• **SOURCE DATA**:
::::::

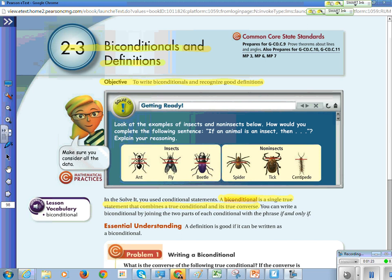Please write this down because it comes up. A definition is good if it can be written as a biconditional. Students really struggle identifying biconditionals. If you can write it as a biconditional where the original statement is true and the converse — when you switch the if and the then — is also true, then it's a good definition.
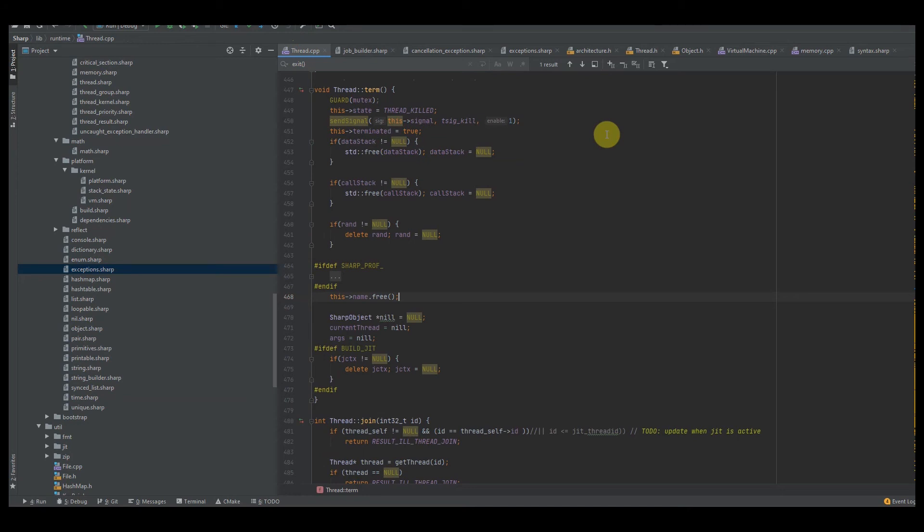Welcome back everybody, welcome back to the channel. So today we're going to be talking about how to compile our first field. The last episode we talked about how to preprocess alias declaration, so now we're going to be talking about how to preprocess fields.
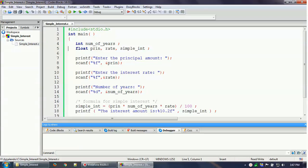Hello everyone, welcome to this video tutorial where we'll learn how to debug a program in Code Blocks. I'll go through the debugging process, but before that you have to write the program. I'm not going to show how to write a program in Code Blocks — you can watch our earlier video on installation and writing programs. In this tutorial, we'll mainly discuss the debugging features.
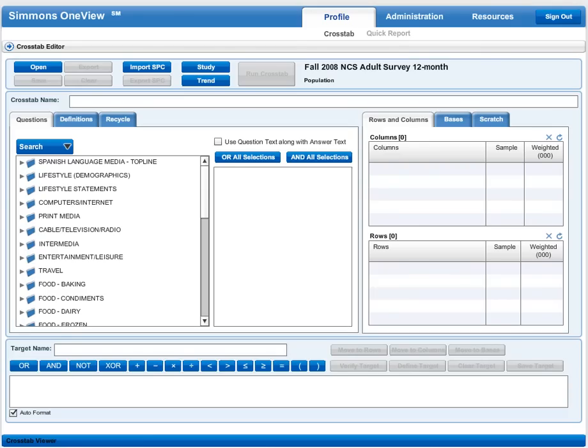Here we are at the Simmons OneView interface. If you're not sure how to get here, please see the previous video on getting started with Simmons OneView.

::::::

• **WHAT YOU SHOULD DO**:
The complete listing must be transcribed verbatim, and all pictures are to be omitted.

• **OUTPUT FOR THIS EXERCISE**:
Please write this down because it comes up. A definition is good if it can be written as a biconditional. Students really struggle identifying biconditionals. If you can write it as a biconditional where the original statement is true and the converse — when you switch the if and the then — is also true, then it's a good definition.
Welcome back everybody, welcome back to the channel. So today we're going to be talking about how to compile our first field. The last episode we talked about how to preprocess alias declaration, so now we're going to be talking about how to preprocess fields.
Hello everyone, welcome to this video tutorial where we'll learn how to debug a program in Code Blocks. I'll go through the debugging process, but before that you have to write the program. I'm not going to show how to write a program in Code Blocks — you can watch our earlier video on installation and writing programs. In this tutorial, we'll mainly discuss the debugging features.
Here we are at the Simmons OneView interface. If you're not sure how to get here, please see the previous video on getting started with Simmons OneView.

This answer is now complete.